Estos años, inexorablemente, el putinismo ha evolucionado de sistema autoritario al proto-totalitarismo. Es decir, un régimen político en la práctica semidictatorial basado en la represión y la eliminación legal o física de toda alternativa.

Recuerdo que hace pocos años hablábamos cómo si el estalinismo era tres cuartas partes represión y una cuarta de propaganda, el putinismo era al revés. Esto, evidentemente, ha cambiado para peor aún.

Al régimen le sigue preocupando (cada vez menos) mantener cierta pátina de legitimidad y legalidad, aunque sea orwelliana. De ahí estas no-elecciones, con anécdotas como los supuestamente 330.000 observadores de más de 70 países que, en su propaganda, seguirán esta farsa criminal. Rusia ni ha tenido elecciones libres ni justas en 20 años, ni las tendrá mientras la junta mafiosa que la gobierna siga en el poder.

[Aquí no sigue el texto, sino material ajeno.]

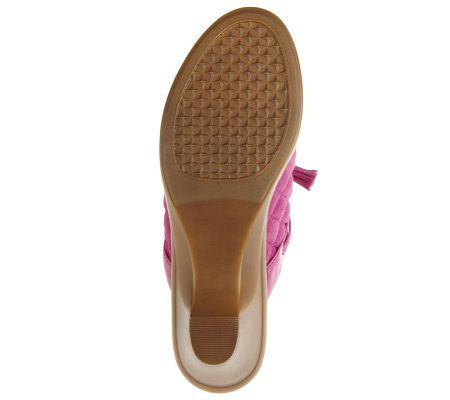 Isaac Mizrahi Live! Quilted Suede Clogs with Tassel Detail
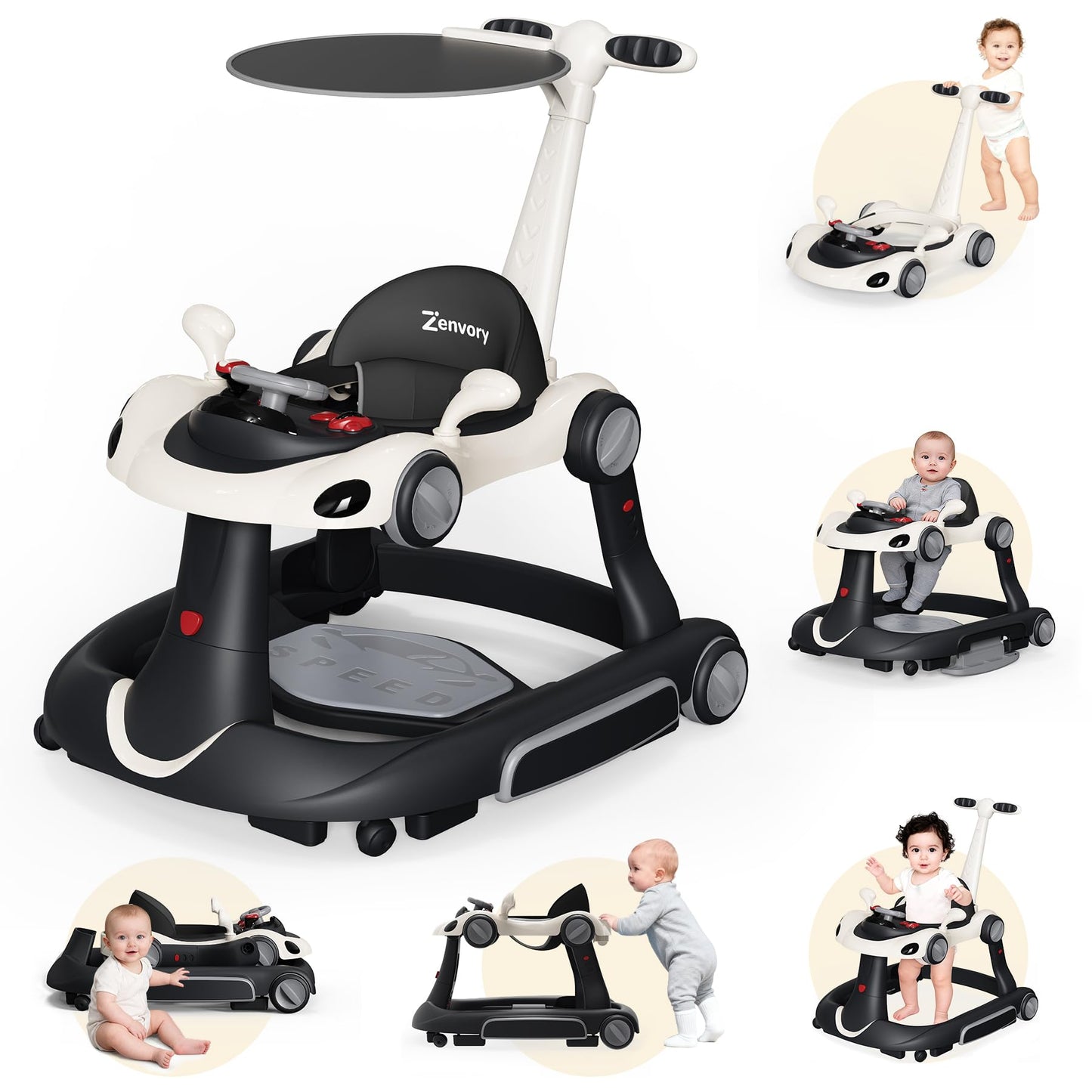 6 in 1 Foldable Baby Walker, Activity Baby Walker-Baby Bouncer, Rocker, Activity Center,Push Walker,Detachable Trampoline Mat, Adjustable Speed Rear Wheels and Height,Music & Lights,Ages 6-18 Months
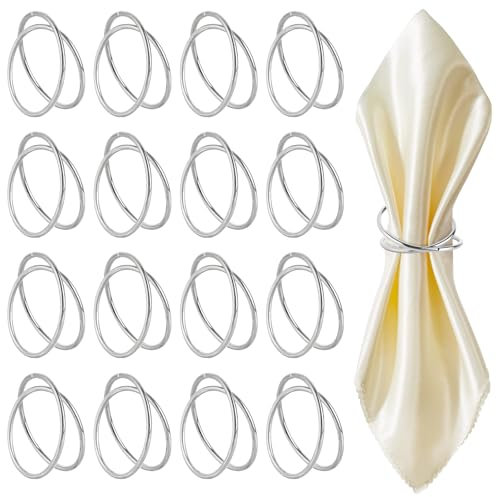 16 Pezzi Anelli Portatovaglioli D'argento, Anello Portatovagliolo a Spirale, Anelli per Tovaglioli da Tavola in Metallo, Anello per Tovagliolo Eleganti per Cena Famiglia, Matrimoni, Festival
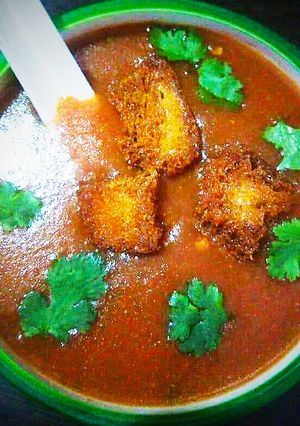 A picture of Carrot tomato soup.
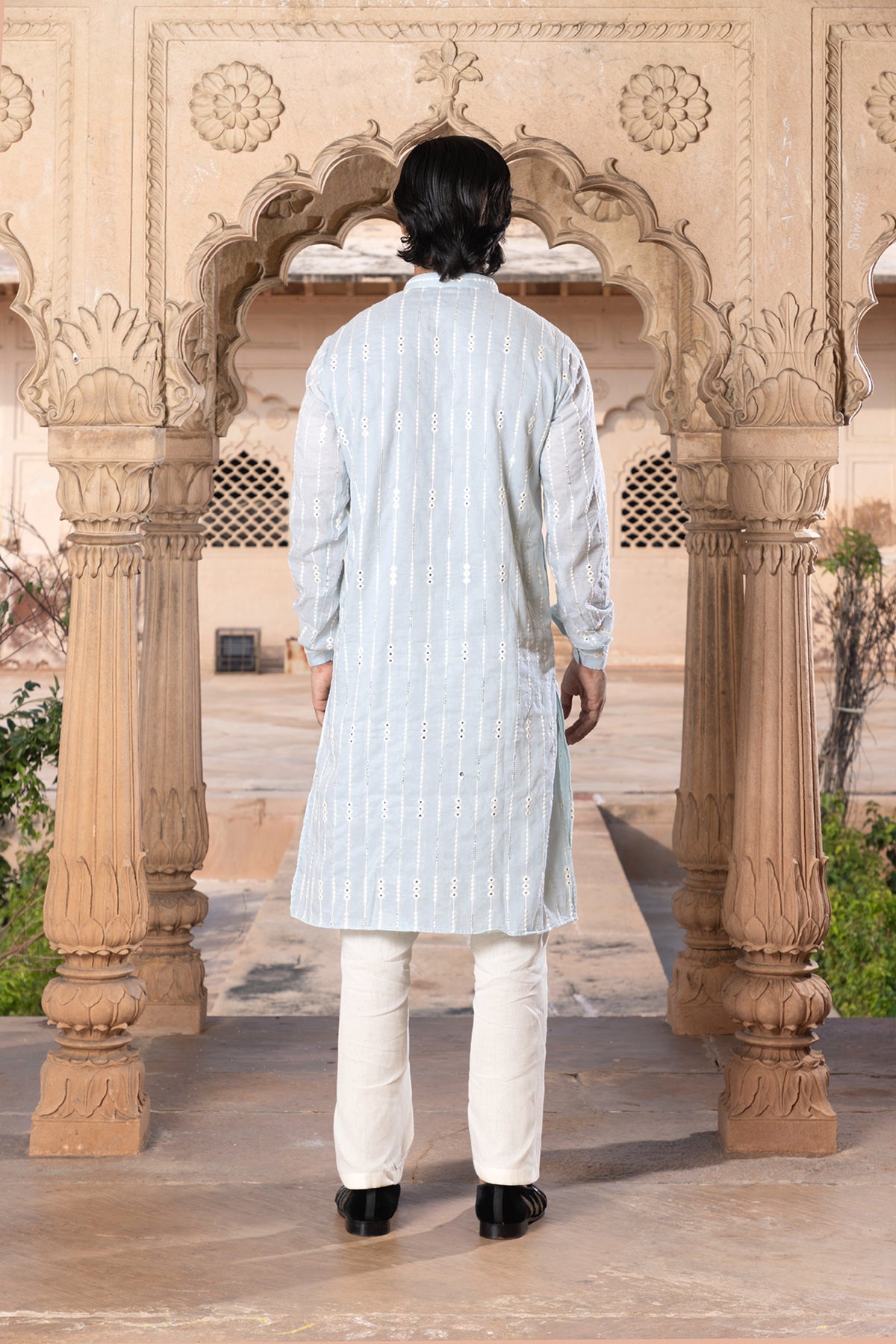 Ice Blue Three Diamond Kurta Set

Al menos medio gobierno ruso y todo su Consejo de Seguridad Nacional deberían de hecho estar en la cárcel por numerosos crímenes contra ciudadanos rusos y su propio país.

[Envenenamientos, cárceles siberianas o extraños suicidios: así han desaparecido los rivales de Vladímir Putin en los últimos 25 años]

Ese Consejo de Seguridad Nacional que aprobó la decisión de Putin de destrozar Ucrania debería también, en un mundo ideal, terminar en La Haya. Son figuras propias de Nuremberg.

Las declaraciones genocidas y brutales del expresidente Medvedev (el otrora "moderado", que busca hueco en la Rusia post-Putin), abogando por la destrucción de Ucrania, el asesinato en masa y deportaciones, son cada vez más similares a las de Goebbels o Himmler en su día.

Este régimen criminal no tiene solución. Tampoco ningún plan B que no sea destruir Ucrania, la OTAN y la seguridad europea.

Dicho esto, son criminales y asesinos, pero no suicidas (o por lo menos no aún): calcularán dónde dar el golpe pero procurando poder seguir en el poder, su otro objetivo principal. Prefieren ver cómo colapsan nuestras sociedades desde dentro que enviar tanques a Berlín (aunque no sé si puedo decir lo mismo de Finlandia, Bálticos, Polonia, ni por supuesto Moldavia, que sólo Ucrania protege).

Una pregunta acuciante no es el resultado de estas no-elecciones, sino si, uno, Putin volverá a decretar movilización para su ofensiva de verano, algo enormemente peligroso para Ucrania, y, dos, dónde y cómo asestarán su siguiente golpe contra nosotros.